Akibatnya, bunganya terus menggelembung seiring dengan menguatnya kurs dolar dan anjloknya nilai tukar rupiah. Karena itu ada satu daerah yang utangnya mula-mula Rp 27 milyar, lantaran macet, membengkak jadi Rp 80 milyar. Ada juga utang luar negeri yang dipinjam dengan skema dana talangan. Dalam skema ini, pemerintah membiayai dulu proyeknya. Setelah proyek itu jadi, dana yang talangan pemerintah tadi ditagih kepada peminjam (lender).

Celakanya, lender acapkali ingkar, tidak mengucurkan dana, meski loan agreement telah ditandatangani dan commitment fee serta bunganya sudah dibayar. Pemerintah jadi rugi dua kali, sudah keluar duit, harus membayar bunga pula. Jelas negara sangat dirugikan dengan pengelolaan utang luar negeri yang amburadul ini.

Anak bangsa kian sengsara tercekik utang. Sebab hampir 30% dari total dana APBN dipakai untuk membayar utang, dua pertiganya digunakan untuk membayar bunga. "Indonesia sejak dulu tidak punya borrowing strategy (strategi peminjaman) dan tidak ada studi kelayakan untuk setiap proyek yang didanai dengan utang,".

Buktinya, ada pemerintah daerah yang mencari pinjaman, katanya, untuk membangun sanitasi, tapi realisasinya malah untuk membeli mobil dinas. Dalam persoalan ini, Badan Perencanaan Pembangunan Nasional (Bappenas) harusnya menjadi ujung tombak pengelolaan pinjaman itu, karena persetujuan dikucurkannya utang luar negeri dikeluarkan Bappenas.

Sayang, borrowing strategy dan studi kelayakan tidak dilakukan. "Kalaupun ada, hanya di atas kertas, tapi pelaksanaannya menyimpang. Indonesia baru memiliki borrowing strategy setelah diterbikannya Peraturan Pemeritah (PP) Nomor 2 Tahun 2006 tentang Tata Cara Pengadaan Pinjaman dan/atau Penerimaan Hibah serta Penerusan Pinjaman dan/atau Hibah Luar Negeri.

Sebelum terbit PP Nomor 2 Tahun 2006, pengelolaan dana pinjaman agak terkendala. Banyak proyek yang ternyata belum siap dikerjakan, padahal loan agreement telah ditandatangani dan pemerintah sudah harus membayar biaya komitmen serta bunganya.
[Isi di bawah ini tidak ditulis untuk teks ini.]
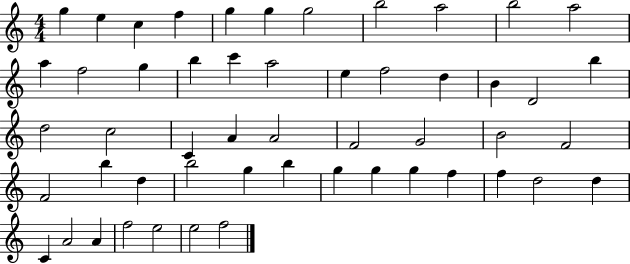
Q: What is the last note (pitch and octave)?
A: F5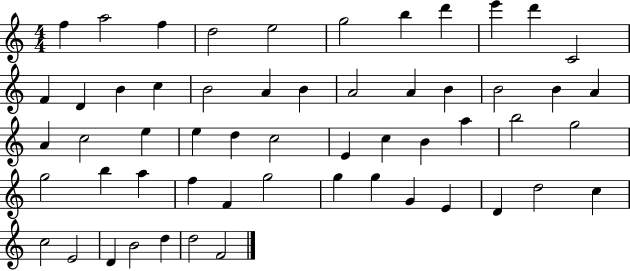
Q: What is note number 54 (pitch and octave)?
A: D5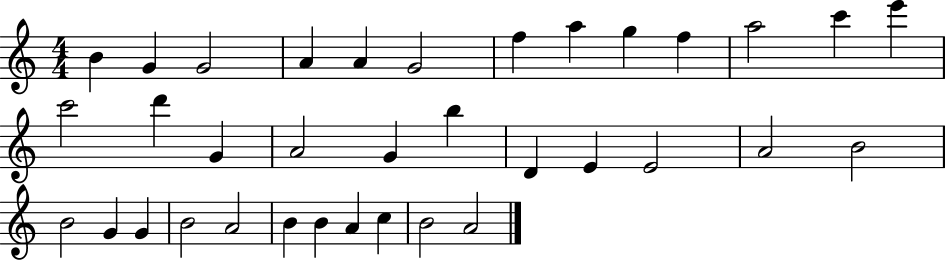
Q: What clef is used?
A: treble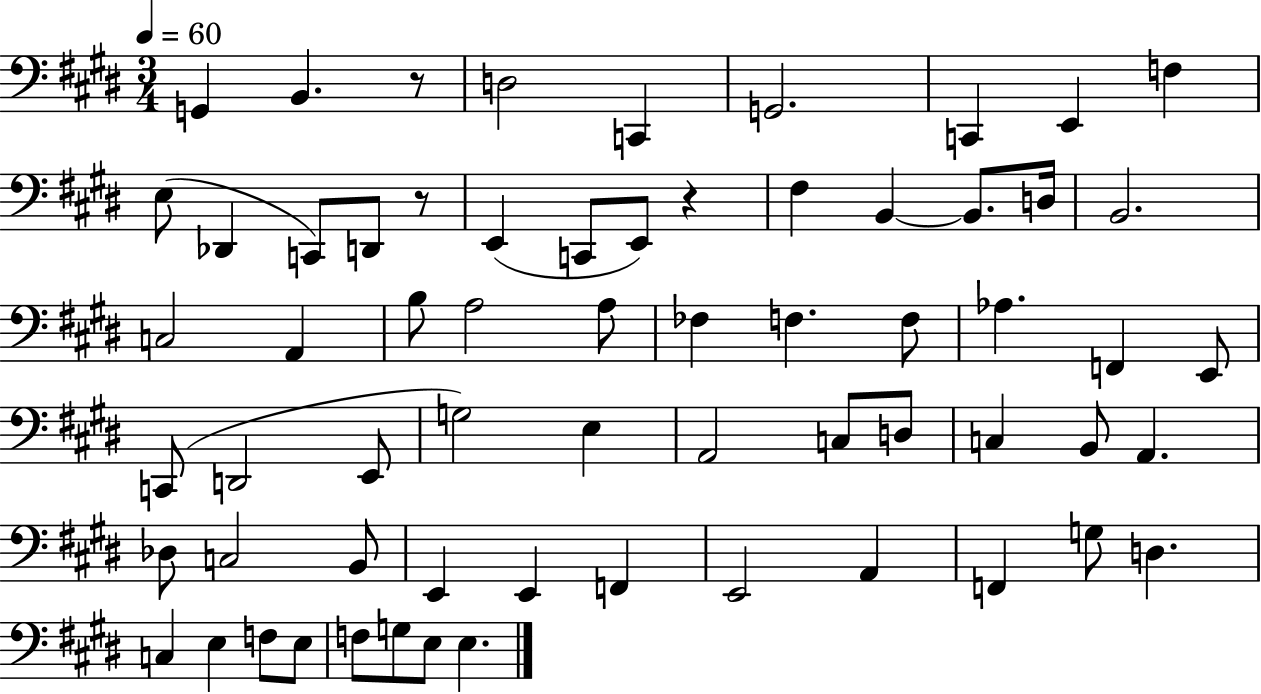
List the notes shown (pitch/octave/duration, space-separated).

G2/q B2/q. R/e D3/h C2/q G2/h. C2/q E2/q F3/q E3/e Db2/q C2/e D2/e R/e E2/q C2/e E2/e R/q F#3/q B2/q B2/e. D3/s B2/h. C3/h A2/q B3/e A3/h A3/e FES3/q F3/q. F3/e Ab3/q. F2/q E2/e C2/e D2/h E2/e G3/h E3/q A2/h C3/e D3/e C3/q B2/e A2/q. Db3/e C3/h B2/e E2/q E2/q F2/q E2/h A2/q F2/q G3/e D3/q. C3/q E3/q F3/e E3/e F3/e G3/e E3/e E3/q.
Namun, setelah PP itu terbit, setiap proposal peminjaman harus menjalani studi kelayakan.

"Jeratan utang membuat negara rusak. Kita jadi tidak berwibawa di mata negara lain,". Utang luar negeri yang kebanyakan dalam mata uang asing sering dijadikan senjata oleh kreditur untuk makin memurukkan Indonesia. "Kasus krisis moneter tahun 1997 harusnya jadi pelajaran,".

Ketika itu, utang luar negeri Indonesia dan kebanyakan negara Asia lainnya banyak yang jatuh tempo. Namun, pada saat bersamaan, dolar yang dibutuhkan untuk melunasi utang diborong spekulan. Harga dolar melambung gila-gilaan, sehingga utang luar negeri pun membengkak. Indonesia masih harus mencicil utang sampai tahun 2045. Artinya, selama itu pula kita dan anak-cucu kita terus menjadi sapi perah kreditur asing.